DATA PROVIDED ▸

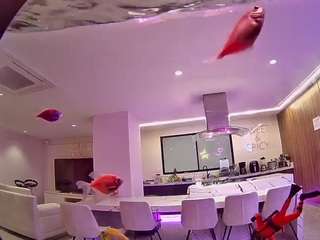 Image 1 of voyeurcam-casa-salsa-fishtank, female webcam model,  years old, on live webcam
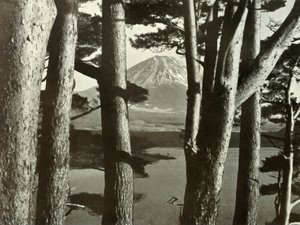 Il Fuji e i pini
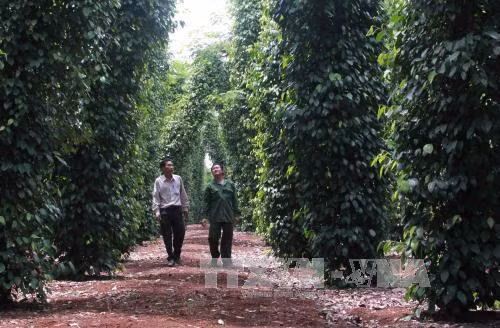 Trồng hồ tiêu trên cây muồng giúp tiêu phát triển tốt hơn, cho năng suất cao hơn. Ảnh: Phạm Cường-TTXVN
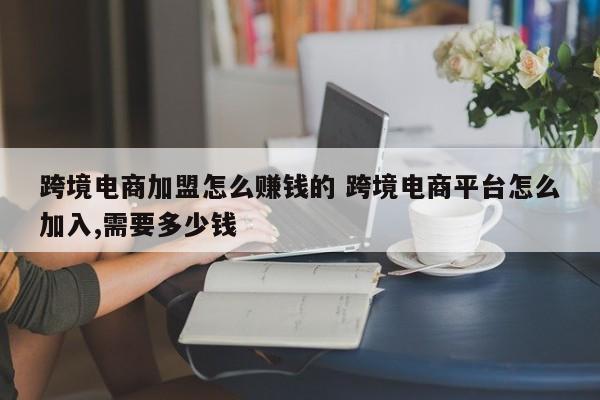 跨境电商加盟怎么赚钱的 跨境电商平台怎么加入,需要多少钱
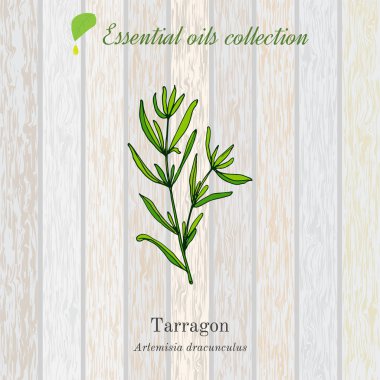 Tarhun, esans etiket, aromatik bitki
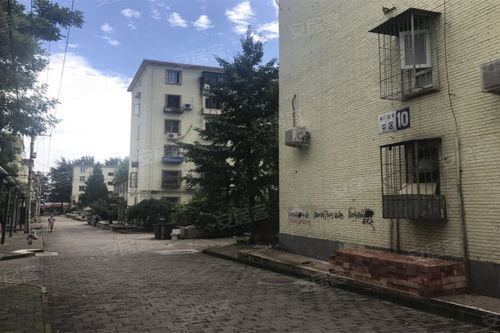 南厂住宅 中区 优点 不足,南厂住宅 中区 怎么样,南厂住宅 中区 周边房产中介经纪人评价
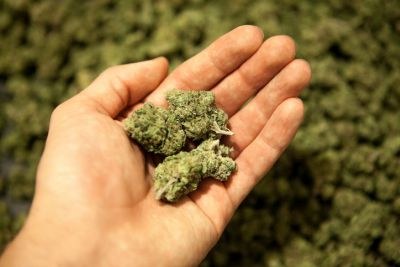 ZIN: medicinale cannabis niet in basispakket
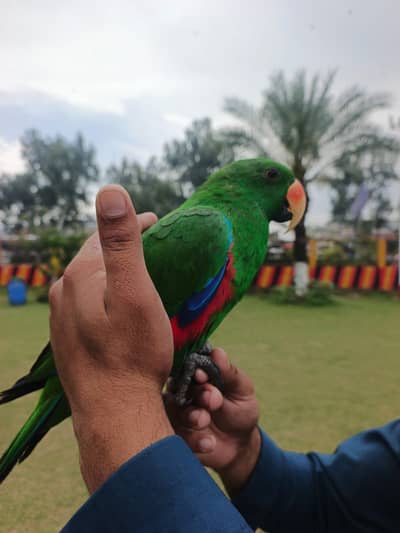 Eclectus Hand tamed + fly tamed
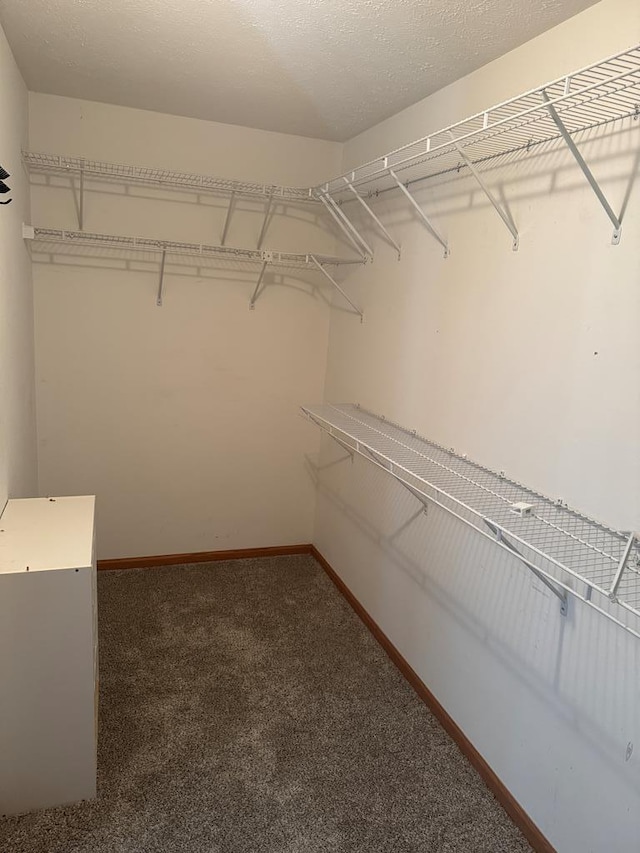 20858 Oak View Trl, Kirksville, MO 63501 - spacious closet featuring carpet flooring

TRY IT ▸ Transcribe exactly the span of lines that opens with the line holding "Trồng hồ tiêu" and closes with the last line of the entries above. Omit pictures.

SOLUTION TO THIS PROBLEM ▸
 Trồng hồ tiêu trên cây muồng giúp tiêu phát triển tốt hơn, cho năng suất cao hơn. Ảnh: Phạm Cường-TTXVN
 跨境电商加盟怎么赚钱的 跨境电商平台怎么加入,需要多少钱
 Tarhun, esans etiket, aromatik bitki
 南厂住宅 中区 优点 不足,南厂住宅 中区 怎么样,南厂住宅 中区 周边房产中介经纪人评价
 ZIN: medicinale cannabis niet in basispakket
 Eclectus Hand tamed + fly tamed
 20858 Oak View Trl, Kirksville, MO 63501 - spacious closet featuring carpet flooring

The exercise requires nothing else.